AMBER Archive (2005)

Subject: RE: AMBER: Interpreting Amber8 Benchmark Results

From: Ross Walker (ross_at_rosswalker.co.uk)
Date: Wed Aug 31 2005 - 15:09:20 CDT


Dear Nikhil,

> I am trying to run Amber8 on EM64T with Intel Compilers. I have never
> done this before and needed help to understand how to interpret the
> benchmark data. The primary purpose of the benchmarks is to understand
> how using different interconnects such as GbE, InfiniBand, 10 GigE may
> affect the application performance.
>
> - What number should I be looking at from the benchmark summary report
> (attached).?

Ultimately you should be looking at the total time reported at the end of
the output file. This is actually Wall Clock Time (NOT CPU TIME) so will
give you a real understanding of 'time to solution' on a specific machine
setup. You can convert this to pico seconds of molecular dynamics per day
by:

ps per day = total_time * nstlim * dt / 86400

If you are interested in performance in parallel then things get a little
more complicated. You can still run say 1cpu, 2cpu, 4cpu etc and the total
time reported will still be the total wallclock time.

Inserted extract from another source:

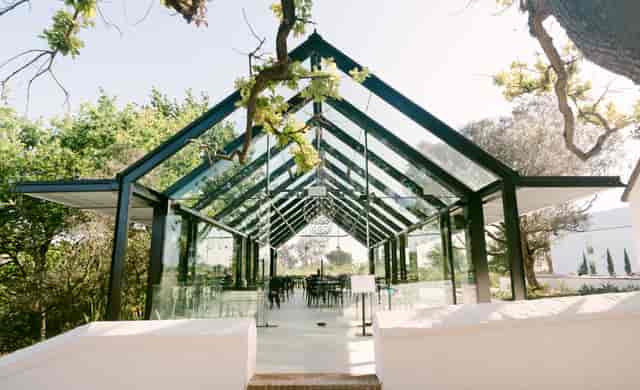 Modern glass pavilion at Hazendal Wine Estate for events and meetings.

Also reported will be certain communication times such as FFT communication,
CRD distribute time, FRC Collect time etc. These you will find will grow as
the number of cpu's grow. Ultimately these times dominate at large CPUS
leading to simulations actually taking longer on a larger number of cpus.

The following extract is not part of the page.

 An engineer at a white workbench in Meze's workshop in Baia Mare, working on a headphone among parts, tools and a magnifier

The easiest way to compare simulations with different interconnects is, if
you can, connect up the exact same system (cpu, memory, disks etc) with each
of the different interconnects and then run the major benchmarks. For each
interconnect you can then plot wall clock time as a function of number of
cpus. You will then see how each different interconnect performs and where
the limit of each interconnect lies. E.g. GigEth typically chokes beyond 16
cpus while Infiniband will perform much better.

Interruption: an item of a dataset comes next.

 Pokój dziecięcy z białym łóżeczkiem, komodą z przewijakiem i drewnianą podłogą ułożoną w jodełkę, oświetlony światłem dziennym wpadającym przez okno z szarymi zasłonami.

Once you have this then it is an easy step to produce price/performance
ratios etc.

> - What tests are more relevant to a customer who may be looking to
> purchase a cluster to running Amber as a primary application?

This really depends on the type of simulations they will be doing. Typically
the bigger the system is the better it scales in parallel. If they are
largely planning on running simulations using periodic boundaries (PME) then
you should look closely at the DHFR benchmark which has 22930 atoms and also
the much larger factor_ix benchmark which has 90906 atoms. Note for these to
run as efficiently as possible in parallel you should use the PMEMD module
of Amber which is designed to run PME calculations as efficiently as
possible in parallel. See the amber website for details on compiling pmemd
on different systems. (BEWARE: while sander v8's total time is wallclock
time, PMEMD's total time is NOT. This can be misleading since on big systems
the efficiency to which the cpus are used can drop rapidly and so the
reported cputime can often be much less than the REAL wall clock time. Thus
here to understand the true throughput of the cluster you should calculate
the wall clock time used by subtracting the reported start time from the
reported end time. - This is also true of any program you benchmark. The
real measure of speed is wall clock time to get the job done. The cpu time
is largely irrelevant to the customer...)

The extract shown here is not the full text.